No aniversário de Hot to Go, relembre as conquistas explosivas de Chappell Roan

O que aconteceu com a Chappell Roan

Quando Chappell Roan lançou Hot to Go! em 11 de agosto de 2023, poucos imaginavam que aquele single synth-pop com pegada queer e coreografia viral marcaria o início de uma ascensão meteórica. A canção demorou a ganhar tração, mas em 2024 transformou-se em um verdadeiro fenômeno, atingindo o Top 10 nas paradas do Reino Unido e Irlanda, Top 20 nos Estados Unidos, Austrália, Canadá e Nova Zelândia, além de garantir certificações de platina e ouro em vários mercados.

Mais do que números, Hot to Go! abriu o caminho para que Roan fosse reconhecida não apenas como promessa, mas como uma das vozes mais originais do pop contemporâneo.

A partir do sucesso do single, veio o lançamento do álbum The Rise and Fall of a Midwest Princess, que rapidamente conquistou um espaço sólido na Billboard 200, chegando ao Top 10 em meados de 2024. Com uma sonoridade que mistura elementos de synth-pop, indie e uma pitada de teatralidade, o álbum trouxe à tona a versatilidade da artista. Para apresentar as músicas, Roan embarcou na Midwest Princess Tour, uma extensa série de 89 shows entre setembro de 2023 e outubro de 2024, que percorreu América do Norte, Europa e Austrália.

Os shows foram marcados por uma energia inconfundível, com um público que ia além do simples fã: participavam dos shows aprendendo coreografias, se vestindo inspirados no universo visual da artista e criando uma atmosfera quase de carnaval pop.

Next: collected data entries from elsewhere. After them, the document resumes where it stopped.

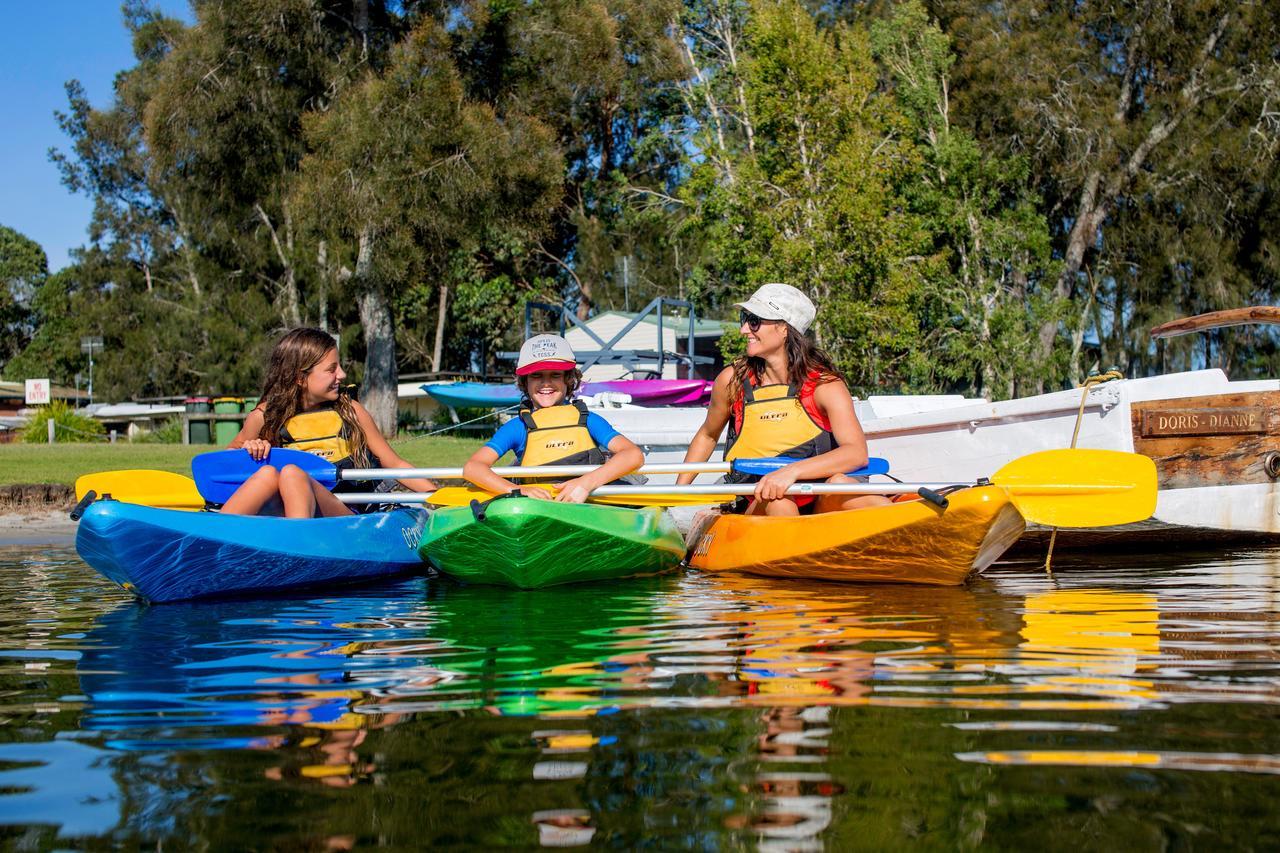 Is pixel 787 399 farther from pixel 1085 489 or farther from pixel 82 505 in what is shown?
pixel 82 505

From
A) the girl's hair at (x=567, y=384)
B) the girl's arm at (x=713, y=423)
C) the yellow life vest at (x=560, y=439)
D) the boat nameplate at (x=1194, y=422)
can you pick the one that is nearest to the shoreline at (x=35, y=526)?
the girl's hair at (x=567, y=384)

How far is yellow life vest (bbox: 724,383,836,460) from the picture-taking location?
6.30m

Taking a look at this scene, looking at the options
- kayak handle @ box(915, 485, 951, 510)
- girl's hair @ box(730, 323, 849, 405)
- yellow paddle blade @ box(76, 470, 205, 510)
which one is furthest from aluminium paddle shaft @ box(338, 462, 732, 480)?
kayak handle @ box(915, 485, 951, 510)

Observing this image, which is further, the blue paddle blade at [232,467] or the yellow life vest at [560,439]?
the yellow life vest at [560,439]

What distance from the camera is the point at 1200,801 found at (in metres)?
2.26

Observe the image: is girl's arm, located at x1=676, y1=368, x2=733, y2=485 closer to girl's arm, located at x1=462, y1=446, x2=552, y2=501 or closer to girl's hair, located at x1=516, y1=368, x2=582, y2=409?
girl's hair, located at x1=516, y1=368, x2=582, y2=409

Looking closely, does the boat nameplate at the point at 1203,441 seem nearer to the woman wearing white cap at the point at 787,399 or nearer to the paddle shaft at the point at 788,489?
the paddle shaft at the point at 788,489

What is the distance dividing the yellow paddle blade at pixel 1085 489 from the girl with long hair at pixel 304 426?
336 cm

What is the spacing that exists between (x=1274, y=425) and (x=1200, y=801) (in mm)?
6162

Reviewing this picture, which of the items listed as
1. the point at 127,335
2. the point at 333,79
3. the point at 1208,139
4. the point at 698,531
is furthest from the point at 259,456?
the point at 127,335

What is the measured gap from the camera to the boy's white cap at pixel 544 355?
6.49m

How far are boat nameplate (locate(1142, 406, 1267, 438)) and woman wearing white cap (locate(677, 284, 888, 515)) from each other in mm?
2556

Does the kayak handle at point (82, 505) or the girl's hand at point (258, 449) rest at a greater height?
the girl's hand at point (258, 449)

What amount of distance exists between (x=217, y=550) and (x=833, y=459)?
9.66ft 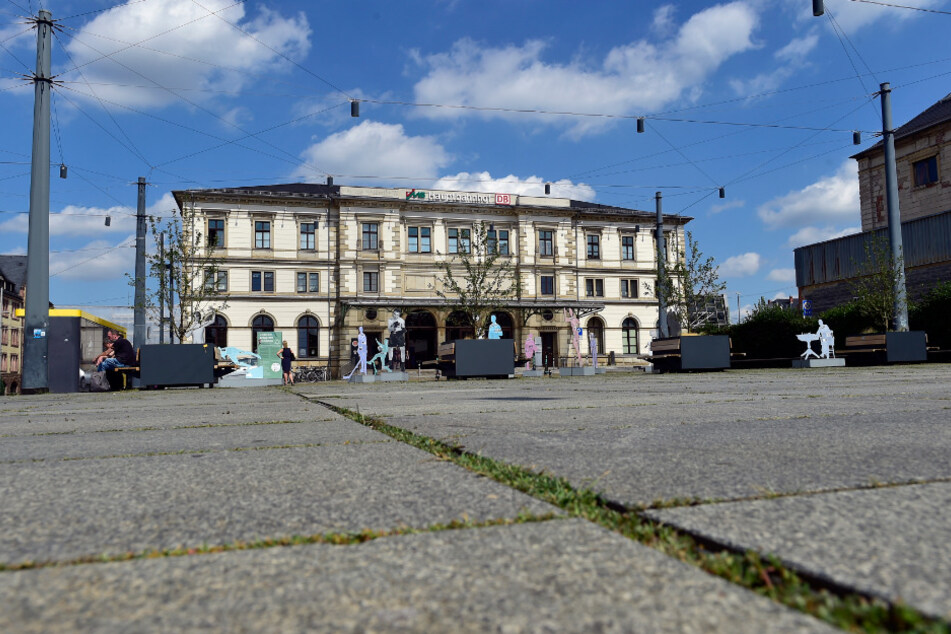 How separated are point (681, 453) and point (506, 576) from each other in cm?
135

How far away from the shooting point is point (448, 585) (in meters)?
0.96

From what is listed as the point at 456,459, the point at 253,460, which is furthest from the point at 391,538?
the point at 253,460

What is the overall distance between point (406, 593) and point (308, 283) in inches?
1438

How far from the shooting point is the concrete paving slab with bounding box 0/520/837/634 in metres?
0.82

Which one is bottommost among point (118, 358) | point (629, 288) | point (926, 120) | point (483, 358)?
point (483, 358)

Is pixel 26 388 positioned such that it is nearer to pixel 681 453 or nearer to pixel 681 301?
pixel 681 453

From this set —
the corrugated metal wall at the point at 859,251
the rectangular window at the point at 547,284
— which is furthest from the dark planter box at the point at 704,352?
the rectangular window at the point at 547,284

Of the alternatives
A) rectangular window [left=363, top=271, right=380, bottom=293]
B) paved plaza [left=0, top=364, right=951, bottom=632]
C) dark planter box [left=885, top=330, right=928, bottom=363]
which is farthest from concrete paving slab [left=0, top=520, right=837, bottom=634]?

Quais músicas canta Chappell Roan

Palcos icônicos como Coachella, Governors Ball, Bonnaroo e o Lollapalooza Chicago receberam suas performances, que foram elogiadas pela crítica por sua teatralidade e pela força da presença de palco de Roan. A imprensa britânica chegou a chamá-la de “a performer pop mais empolgante” durante o Way Out West, festival sueco onde a artista se destacou com uma banda formada apenas por mulheres e uma estética que dialoga com a cultura drag.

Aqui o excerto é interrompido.